§ **Material for this task**:

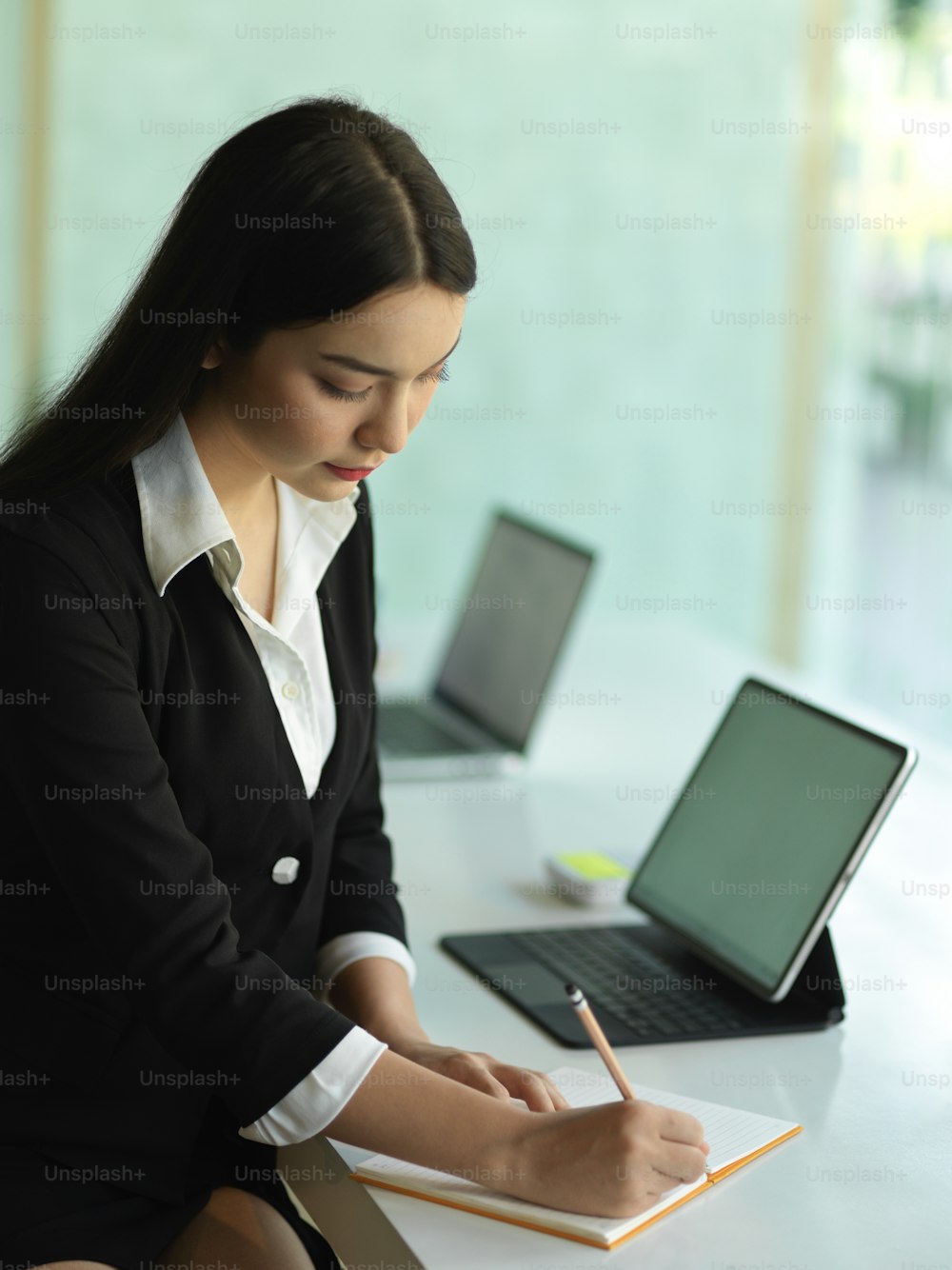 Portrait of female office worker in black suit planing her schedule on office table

* * *

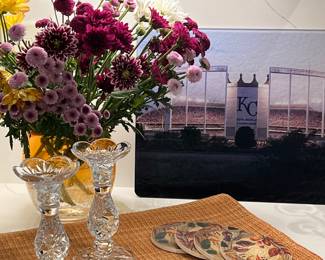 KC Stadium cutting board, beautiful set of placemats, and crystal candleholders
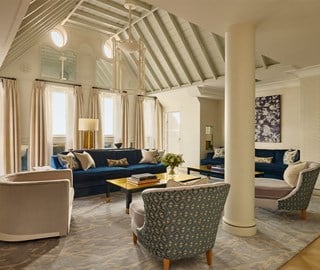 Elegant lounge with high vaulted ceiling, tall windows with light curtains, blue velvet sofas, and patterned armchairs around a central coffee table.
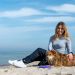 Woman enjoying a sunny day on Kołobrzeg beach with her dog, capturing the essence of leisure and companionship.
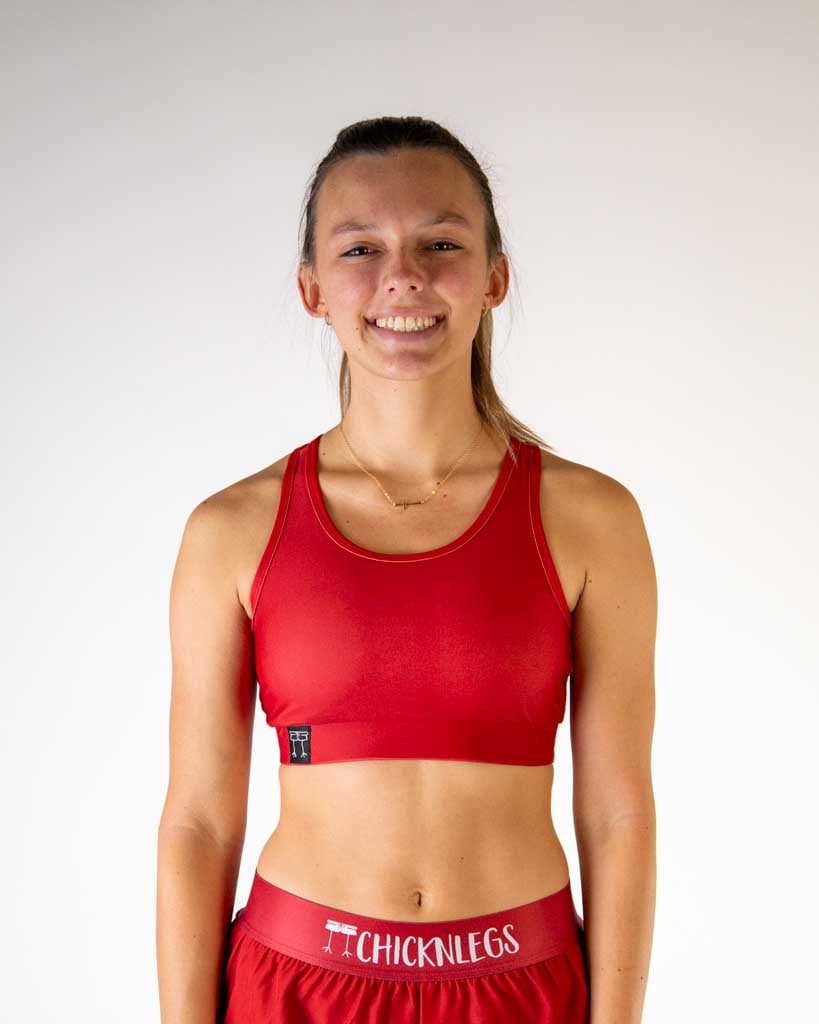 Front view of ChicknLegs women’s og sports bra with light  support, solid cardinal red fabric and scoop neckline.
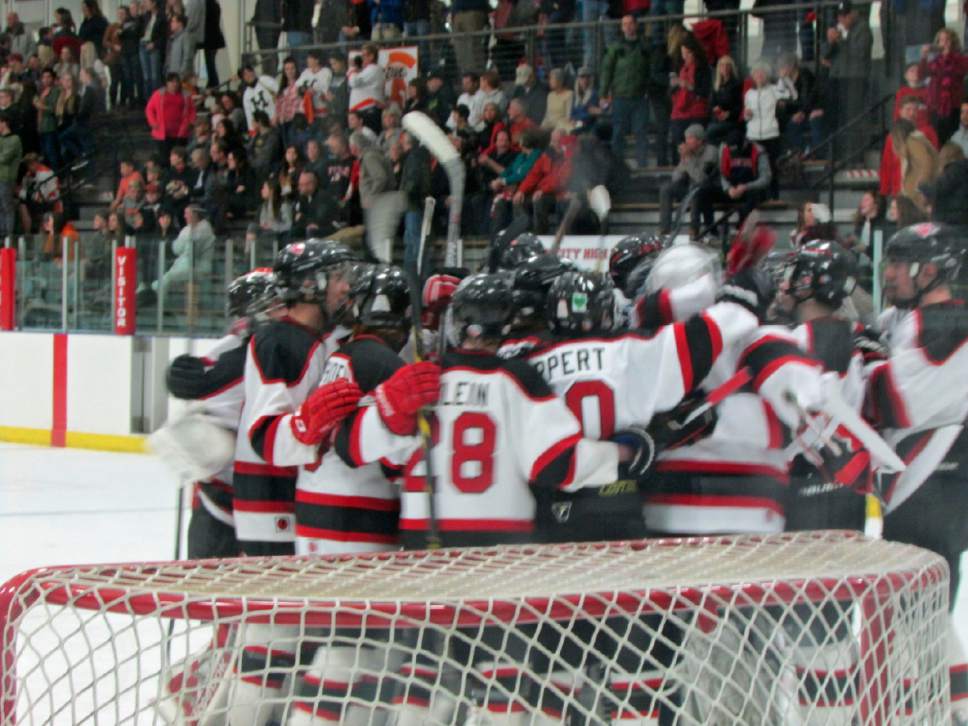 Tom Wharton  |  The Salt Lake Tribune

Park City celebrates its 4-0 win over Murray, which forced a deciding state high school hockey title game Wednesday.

==

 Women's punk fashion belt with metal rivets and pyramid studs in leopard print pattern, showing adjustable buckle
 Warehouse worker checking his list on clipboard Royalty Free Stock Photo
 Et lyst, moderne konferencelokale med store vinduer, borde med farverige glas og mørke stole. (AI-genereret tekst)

§ **Activity**:
Only the lines starting at the one that includes "Front view of" and ending at the one that includes "Park City celebrates" should be retyped, exactly, from the records above; no pictures.

§ **Answer section**:
 Front view of ChicknLegs women’s og sports bra with light  support, solid cardinal red fabric and scoop neckline.
 Tom Wharton  |  The Salt Lake Tribune

Park City celebrates its 4-0 win over Murray, which forced a deciding state high school hockey title game Wednesday.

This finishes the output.